Charles R. Hook
Our Own Hall of Fame


Our Own Hall of Fame

 

CHARLES R. HOOK Sr.

 

FIRST JOB $2 A WEEK

Hook Made Armco No. 6 Among U. S. Steel Giants

 

THE DAYTON DAILY NEWS,  MARCH 9, 1961

BY MARY ELLEN LYNCH

Daily News Staff Writer

 

     When Charles R. Hook Sr. joined Middle town’s American Rolling Mills Co. in 1902,  it was two and he was 22.

     This year, at 80, Hook retired.  He left the infant company he helped bring up (the name was changed to the Armco Steel Corp. in 1948) firmly entrenched as the nation’s sixth largest steel producer.

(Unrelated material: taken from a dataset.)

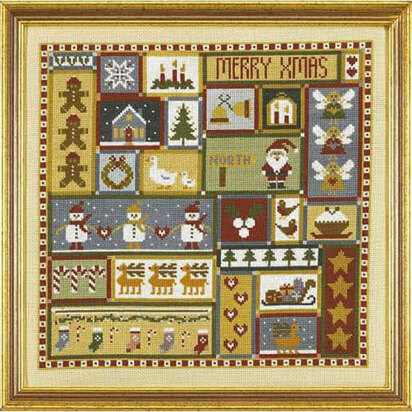 Historical Sampler Company Christmas Patchwork Cross Stitch Kit - 16ct Aida - 26cm x 26cm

     The son of a Cincinnati buggy maker who went broke in a panic before the turn of the center, young Charley Hook couldn’t afford to go to college.  (He later received 11 honorary degrees.)

     INSTEAD HE got his first job as a $2-a-week office boy in a tinplate plant, used his earnings to take a correspondence course in engineering.  Steel making fascinated him, so Hook took a laborer’s job in a mill in Gas City, Ind., rose to hot mill foreman and  then assistant superintendent.

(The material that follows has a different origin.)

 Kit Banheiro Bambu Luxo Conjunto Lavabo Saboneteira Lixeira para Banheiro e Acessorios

     When George M. Verity, Armco’s founder, offered the promising youth $100 a week to become his night superintendent, the Middletown plant was having a hard time keeping up with its bills and payroll.  (Armco employed 325 when Hook went there, more than 40,000 when he left.

     As Hook rose through the ranks, Armco steadily expanded and streamlined its operations by developing products not common in the steel industry.  Armco developed a pure iron, created the continuous method of rolling steel, helped develop a better electric train.

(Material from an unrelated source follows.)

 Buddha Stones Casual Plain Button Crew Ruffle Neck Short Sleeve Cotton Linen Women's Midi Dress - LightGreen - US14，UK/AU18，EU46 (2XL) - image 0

     Early in his career, Hook persuaded union officials to allow a management representative to attend their meetings.  In turn management information was made available to the employes.  He wanted both sides to know what the other was thinking.

     “Take the mystery out of business,” Hook declared.  “Mystery breeds suspicion.”  He said this so often he became known as “Mystery” Hook.  But Armco has a long history of happy labor-management relations.

     In 1917 he brought the first group insurance plan to the steel industry.

     THE SIGNS on Hook’s office doors changed.  General superintendent…vice president…general manager.  In 1930 he was elected president.

     Hook married the boss’ daughter, Leah, and they had three children.  Active in the community, he gave a big camp site to the Boy Scouts, raised funds for the Republican party, was national chairman of Junior Achievement.

     In 1938 he was president of the National Association of Manufacturers and six years ago—lauding him as “an industrial statesman”—the NAM made him Industry’s Man of The Year.

     CHARLES R. HOOK was a good citizen of Middletown and of the United States.  Starting in 1938 he had an almost continuous record of government service.  He went abroad for President Roosevelt to study labor conditions.

     He went to England in World War II to help solve steel production problems. He headed a commission that studied servicemen’s pay and got them more.  He served with the Hoover commission on government reorganization.

     Hook was Armco president until 1948, then chairman of the board until Oct. 1959, when he stepped down two weeks after suffering a heart attack.

     Hook recovered and remained a director, but a month ago he retired from the board after 58 years of service to Armco because: “When a fellow reaches 80, he ought to have more time to devote to his own affairs.”